Task directions -> From the line that holds "银币 出厂状态 凝霜感十足" to the last line below, retype everything exactly and nothing else; omit pictures.

Given data ->
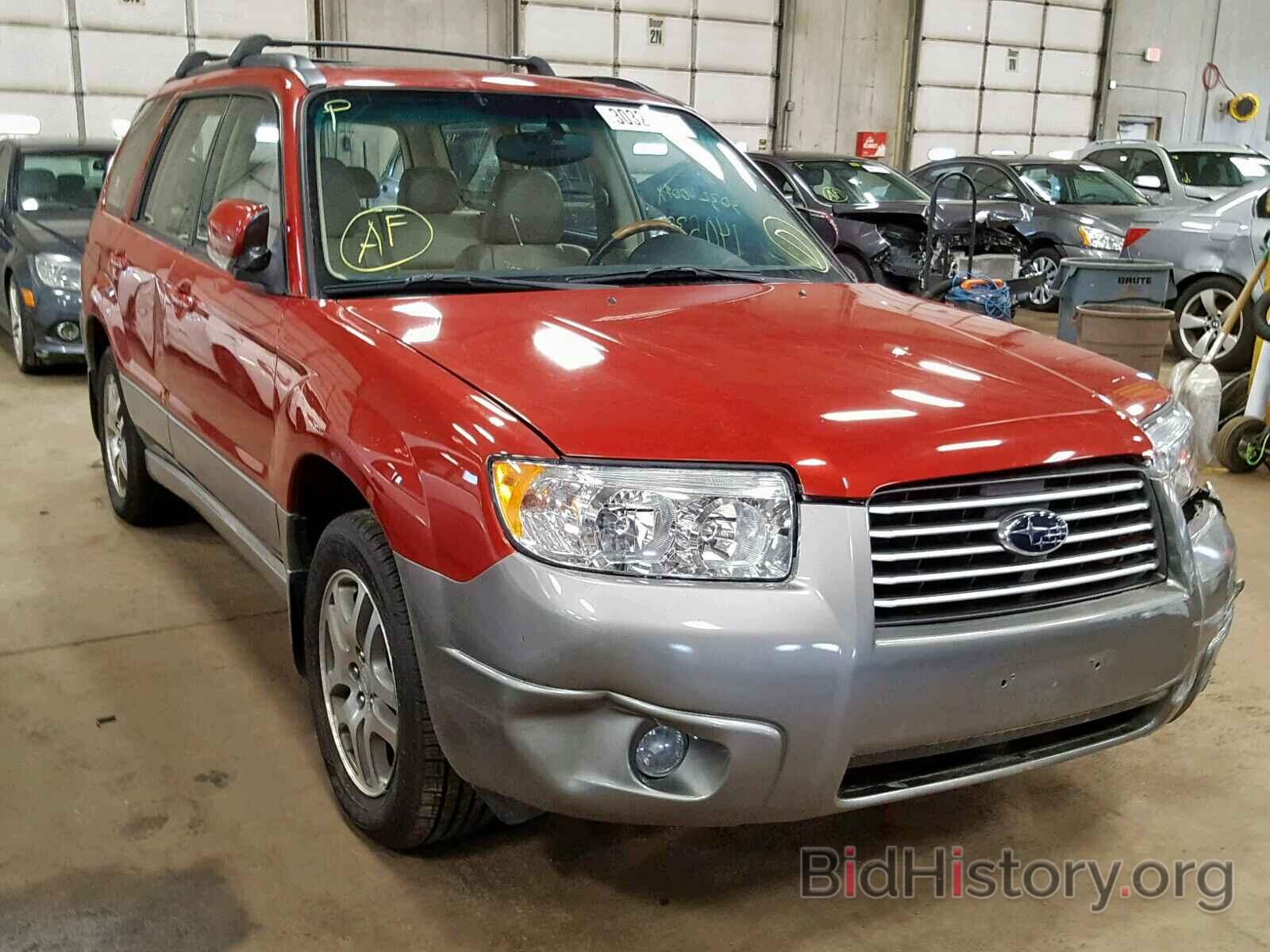 Photo JF1SG67656H719634 - SUBARU FORESTER 2006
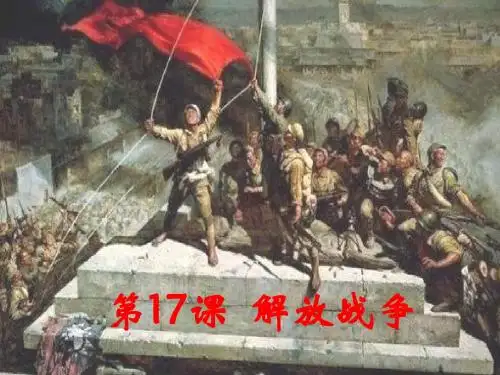 第17课  解放战争(人教版高一历史必修一)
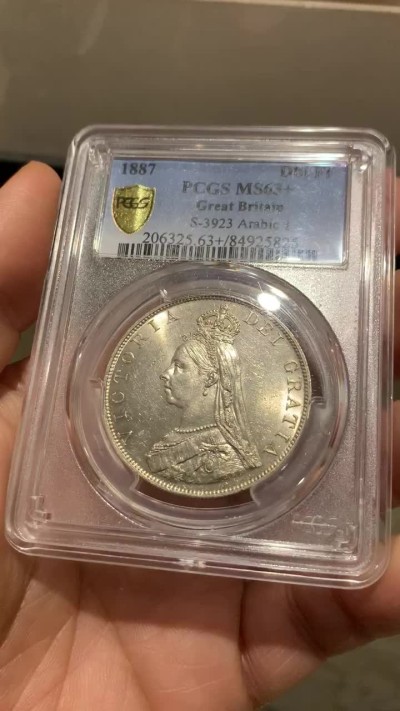 《竞宝斋》第43场-本周日，周一2场连拍（全场顺丰包邮） PCGS-MS63+ 英国1887年 维多利亚高冠双弗洛林 银币 出厂状态 凝霜感十足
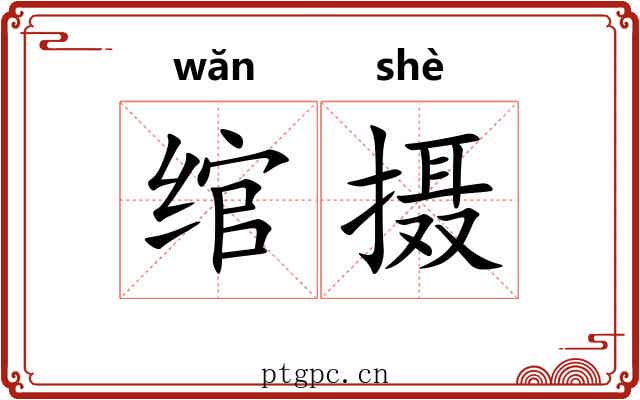 绾摄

Answer area ->
 《竞宝斋》第43场-本周日，周一2场连拍（全场顺丰包邮） PCGS-MS63+ 英国1887年 维多利亚高冠双弗洛林 银币 出厂状态 凝霜感十足
 绾摄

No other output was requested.